# black steel term. fitting



## evan (Dec 10, 2010)

Anybody ever seen a termination fitting for black steel? I'm stubbing out through brick for a gas grill. Inspector says I have to use a termination fitting for 3/4" black steel. I havn't had a lot of luck so I thought I might check with the guys on 'da zone' :yes:


----------



## Plumber patt (Jan 26, 2011)

A threaded cap....


----------



## DesertOkie (Jul 15, 2011)

Ya I found diss one.







Hope it helps


----------



## Plumber patt (Jan 26, 2011)

Lmao


----------



## Plumbus (Aug 4, 2008)

evan said:


> Anybody ever seen a termination fitting for black steel?
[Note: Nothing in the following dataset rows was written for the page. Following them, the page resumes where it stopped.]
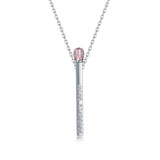 Creative Personality Music Microphone Pendant – Jewelry Gift Ideas — 5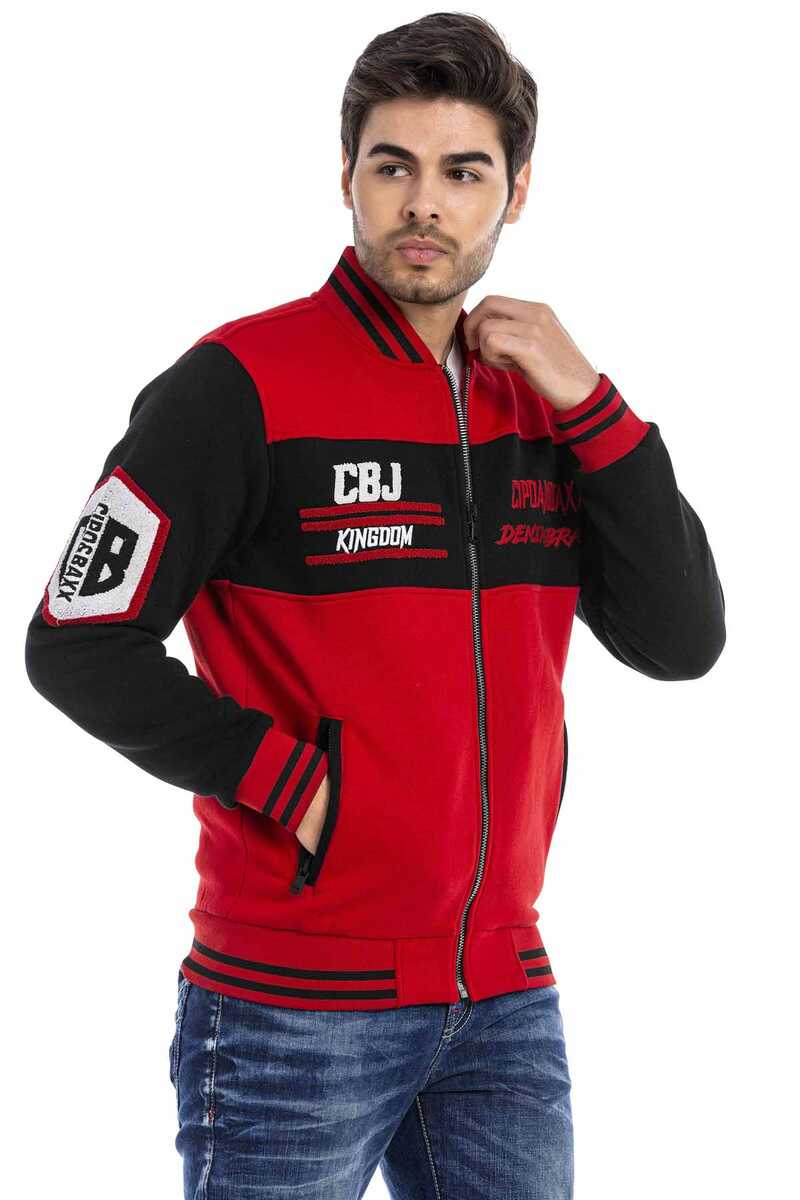 Cipo &amp; Baxx ADELAIDE men's hooded sweatshirt CL559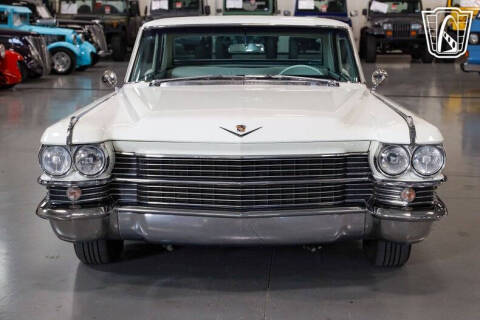 1963 Cadillac DeVille
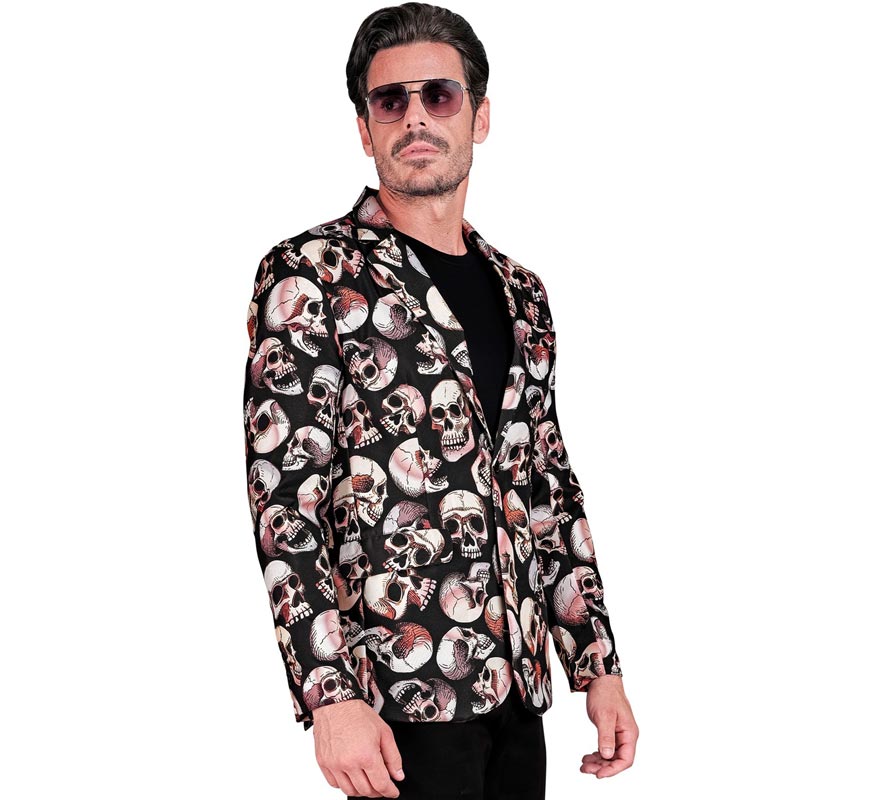 Chaqueta de Calaveras Tenebrosas para hombre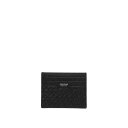 フェラガモ FERRAGAMO Monogram Card Holder 661571780076001 Men 財布・カードケース Black onesize 【送料無料・関税込】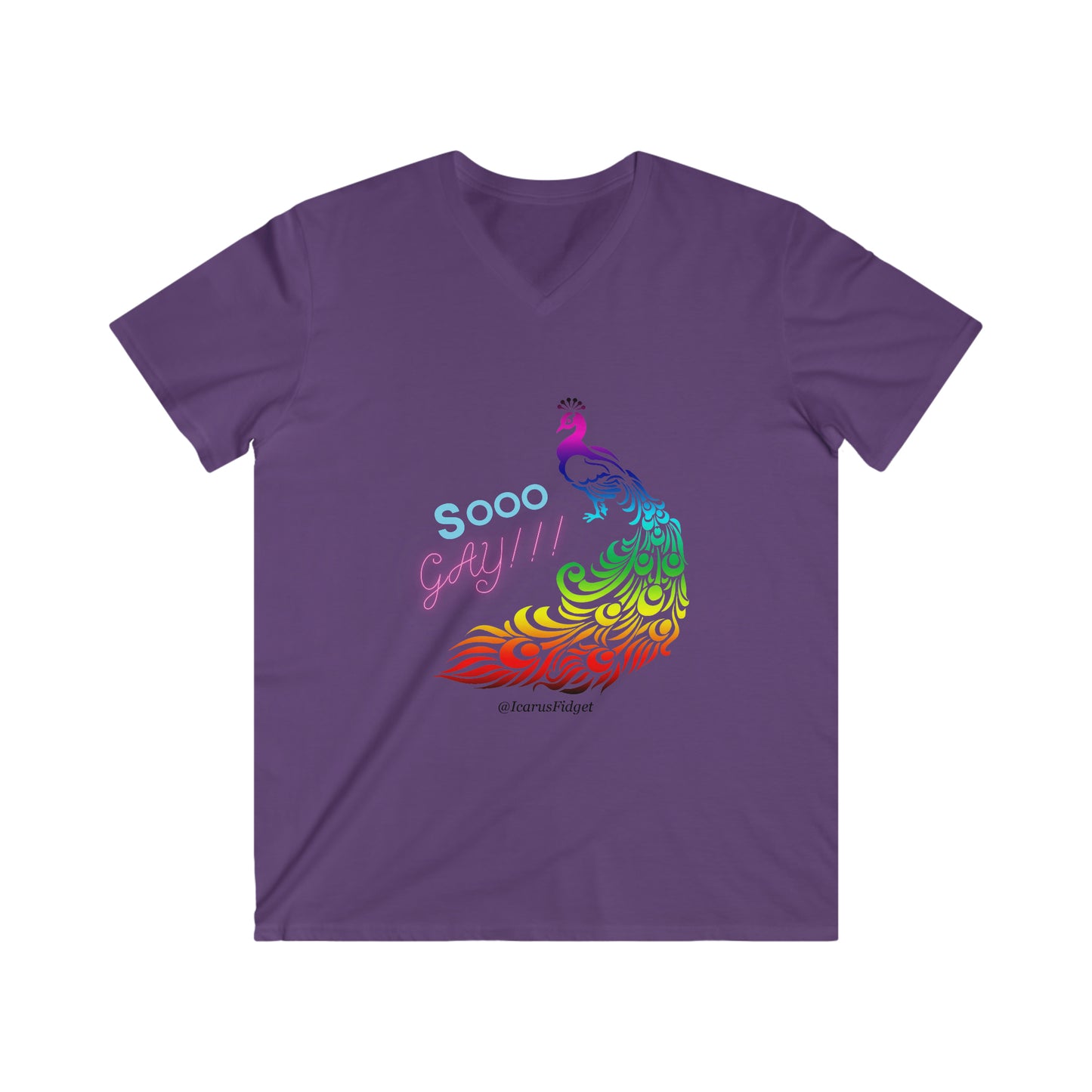 Gay Peacock - Shirt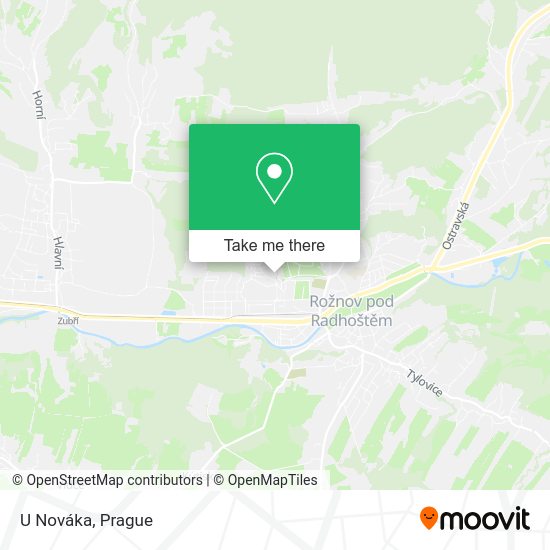 Карта U Nováka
I'm stubbing out through brick for a gas grill. Inspector says I have to use a termination fitting for 3/4" black steel. I havn't had a lot of luck so I thought I might check with the guys on 'da zone' :yes:


Nicely ask him where in the code he's quoting from.


----------



## DesertOkie (Jul 15, 2011)

Are you going from csst to blk?


----------



## evan (Dec 10, 2010)

I'm coming straight through the wall in black pipe


----------



## DesertOkie (Jul 15, 2011)

You got me bro, I vote cap


----------



## BROOKLYN\PLUMB (May 21, 2010)

Maybe he wants the quick disconnect fitting attached (if not already)


----------



## Plumber patt (Jan 26, 2011)

BROOKLYN\PLUMB said:


> Maybe he wants the quick disconnect fitting attached (if not already)
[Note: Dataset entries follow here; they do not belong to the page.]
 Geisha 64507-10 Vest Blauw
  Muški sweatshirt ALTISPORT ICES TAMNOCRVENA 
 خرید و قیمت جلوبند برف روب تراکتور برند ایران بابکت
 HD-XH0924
A quick connect as a termination point is against gas code in Canada


----------



## BROOKLYN\PLUMB (May 21, 2010)

Plumber patt said:


> A quick connect as a termination point is against gas code in Canada


So what's the answer "what is a termination fitting?"


----------



## GREENPLUM (Jul 27, 2008)

why 3/4" , what kinda grill is this? is this a resi house?


----------



## 504Plumber (Jan 26, 2011)

the best thing I've found is to kindly ask them what they are talking about in detail. Call and ask what the F a termination fitting is.


----------



## Widdershins (Feb 5, 2011)

Most all of the Plumbing Codes require gas piping to be tested through the shut-off/gas cock.
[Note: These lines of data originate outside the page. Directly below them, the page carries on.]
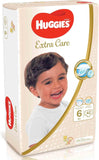 Huggies Extra Care - Size 6, 15+ kg, Jumbo Pack - 42pcs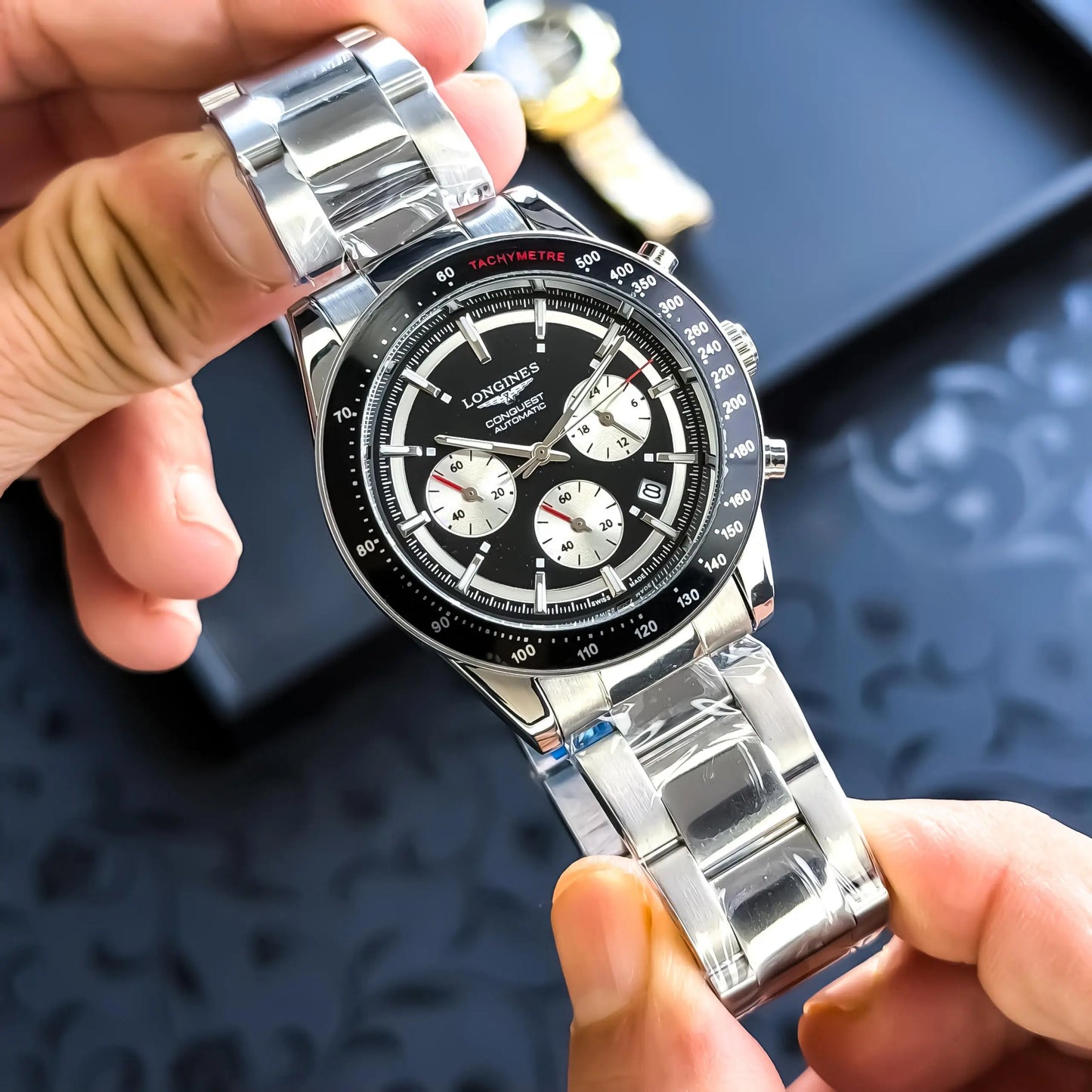 LONGINES_CRONO_SILVER_BLACK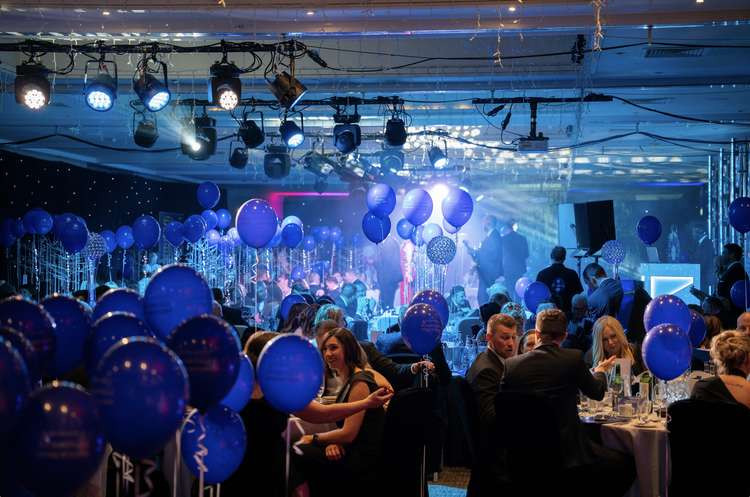 Children's charities were among the big beneficiaries of the winter fundraiser. (Image - Helen Cotton Photography)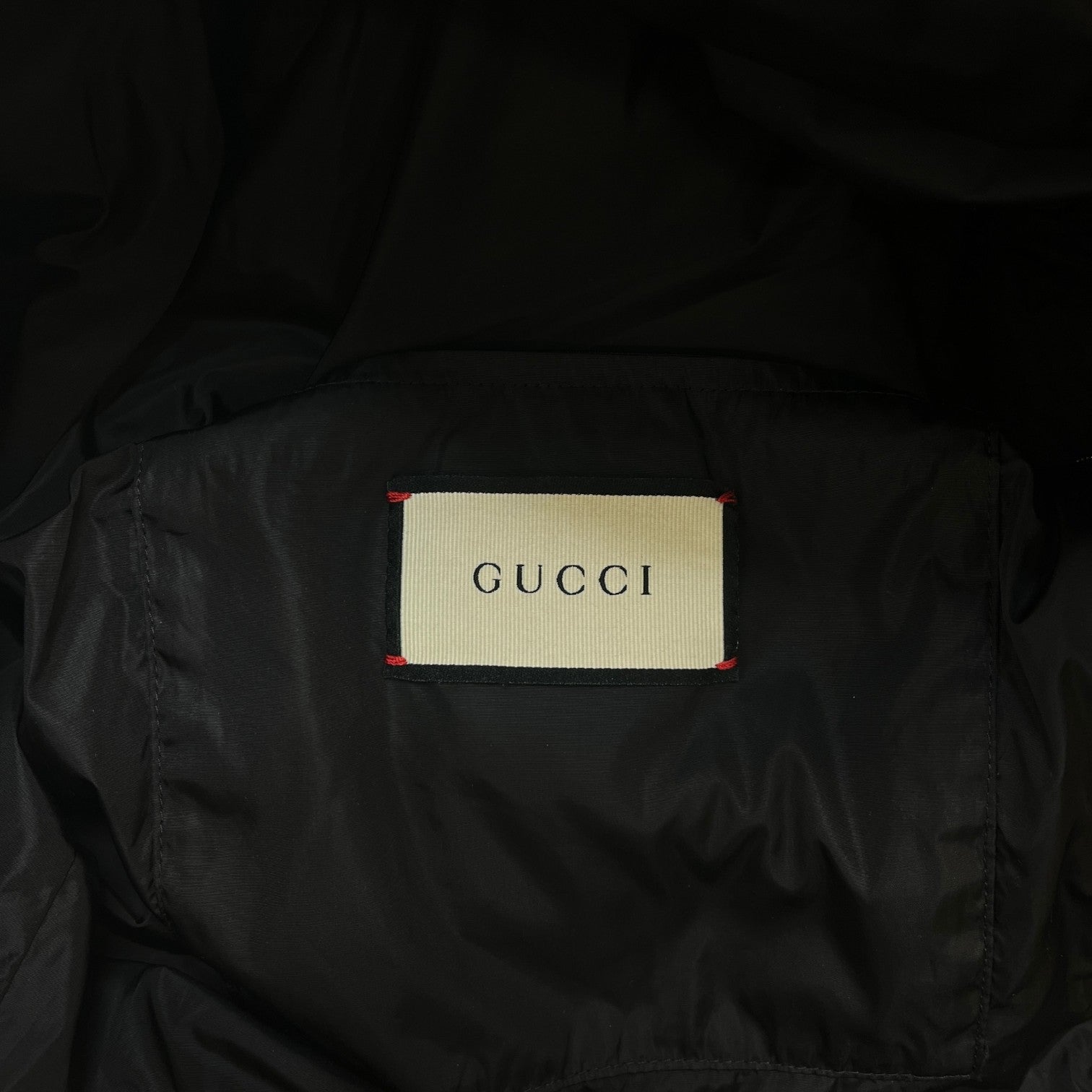 Men's Gg Supreme Jacket Black Size IT 48 / M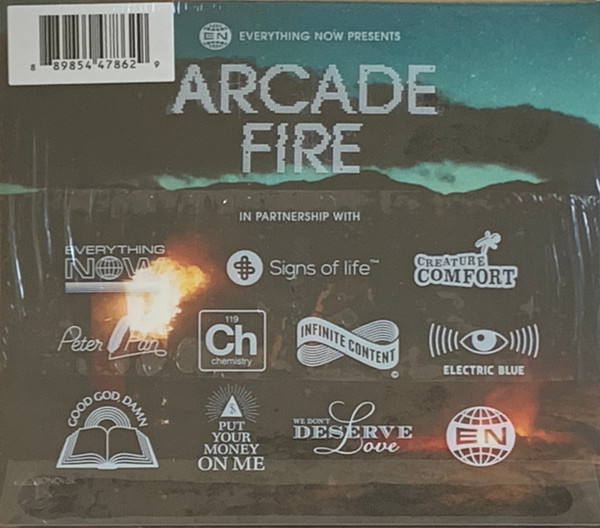 Arcade Fire - Everything Now | Sonovox Records (88985447862) - 3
I imagine your Inspector wants to see the line air tested through a gas cock in the open position with a plug or nipple and cap in the end of it.


----------



## BROOKLYN\PLUMB (May 21, 2010)

Widdershins said:


> Most all of the Plumbing Codes require gas piping to be tested through the shut-off/gas cock.
> 
> I imagine your Inspector wants to see the line air tested through a gas cock in the open position with a plug or nipple and cap in the end of it.


Like you said except here the equipment must be attached and the gas cock in the off position


----------



## Widdershins (Feb 5, 2011)

BROOKLYN\PLUMB said:


> Like you said except here the equipment must be attached and the gas cock in the off position


 It varies from code to code, no doubt about it.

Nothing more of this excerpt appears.